9 Eylül ve CHP’ni Kuruluş Yıldönümü
Sevgili okurlarım, sizlerle birlikte CHP’nin 95. Kuruluş yıl dönümüne giderek, o günün şartlarında neler yaptığını gözden geçirmek istedim.
Bu çalışma içinde gördüğüm odur ki, parlamenter demokrasi, çok partili hayat ve kadınlara seçme ve seçilme hakkının verilmesidir. Bu kuruluşta, genel muhasebe yapacak olursam, öncelikle barış, adaletle birlik, temel hak ve özgürlüklerin teminat altına alınması ilkeleri benimsenmiştir.

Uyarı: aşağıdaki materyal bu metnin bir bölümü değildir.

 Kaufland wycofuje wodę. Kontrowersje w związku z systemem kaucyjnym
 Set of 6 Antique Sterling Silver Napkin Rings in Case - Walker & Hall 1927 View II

O günün şartlarında, büyük önder Mustafa Kemal Atatürk tarafından işaret edildiği gibi, kendisi ve silah arkadaşlarıyla birlikte bütün alanlara da yer alan Türk Halkı, Ulusal Kurtuluş ve bağımsızlık mücadelesine öncülük ettiğini vurgulamıştı.
Mustafa Kemal Atatürk, ilk olarak teşkilatlanmada yola çıkarken, İlk olarak Halk Fıkrası adında yeni bir kurmuş olduğudur. Kurmuş olduğu bu partinin tüm toplumu bağrına basmasını hesaplayarak, 1935 tarihinde adını değiştirerek, “Cumhuriyet Halk Partisi” olarak gerçekleştirmiştir. Bu ilkeli açılışı değişikliği yaparken de, Cumhuriyet Halk Partisinin söyleminde belirtmiş olduğu ilkeleri şu şekilde sıralamıştır: (Cumhuriyetçilik, milliyetçilik, halkçılık, laiklik, devletçilik ve devrimcilik olarak ilan etmiştir. Bu ilkeleri açıklarken de, önceliği hoşgörüye dayanılarak barışı, uzlaşmayı, dayanışmayı, eşitlik ve özgürlük esasına dayalı bir devlet politikası yürütülmesini de teminat altına almıştır.
Cumhuriyet Halk Partisi aynı zamanda, Mustafa Kemal Atatürk’ün önderliğinde, cumhuriyeti kuran, saltanatı kaldıran, hilafete son verdiği gibi ulusal birliği sağlamayı da yapmayı bilmiştir.
Cumhuriyet Halk Partisi hüsrana uğramış bir Anadolu’yu yenide inşa etmenin
gayreti içine girmişti. O günün ağır şartlarında oluşan birçok işlerin yapılmasını ihmal etmeden yoluna devam etmişti. Ne yazık ki, ikinci dünya savaşının başlaması sonucunda birçok mali tedbirler almak zorunda da kalmıştı.
İkinci dünya savaşını ustalıkta geçiştirmek suretiyle, çok partili rejime gitmeği de sağladı.
Sonuç olarak 1950 yılında muhalefete düşmesini olgunlukla kabul etmiş ve muhalefet görevini ülke çıkarları neyi gerektiriyorsa ona göre yapmıştır.
1960 askeri darbesi sonucunda pozitif eğitim ilkeleri içinde ortanın soluna açılım yaparak, sol kavramını bütün halk satında öğrenilmesi sağlamaya çalışmıştı. Buradaki söylemin temel amacı halka yönelik bir düzen değişikliğiydi.
Devlet partisi olan Cumhuriyet Halk Partisi, artik düzen partisi değil, halkın partisi unvanını üslenmişti.
Günümüze geldiğimizde, Cumhuriyet Halk Partisinin neden halkın yönetiminde söz sahibi olmadığına bakılmalıdır. Bu sentezi irdelerken, birçok eksikliklerin olduğunu görmekteyiz. Bu eksiklikler giderildiği takdirde, Cumhuriyet Halk Partisi halkın partisi programını hayata geçireceği günden itibaren, daimi yönetimde halkı temsil etme yetkisini elinde tutacak en önemli adaydır.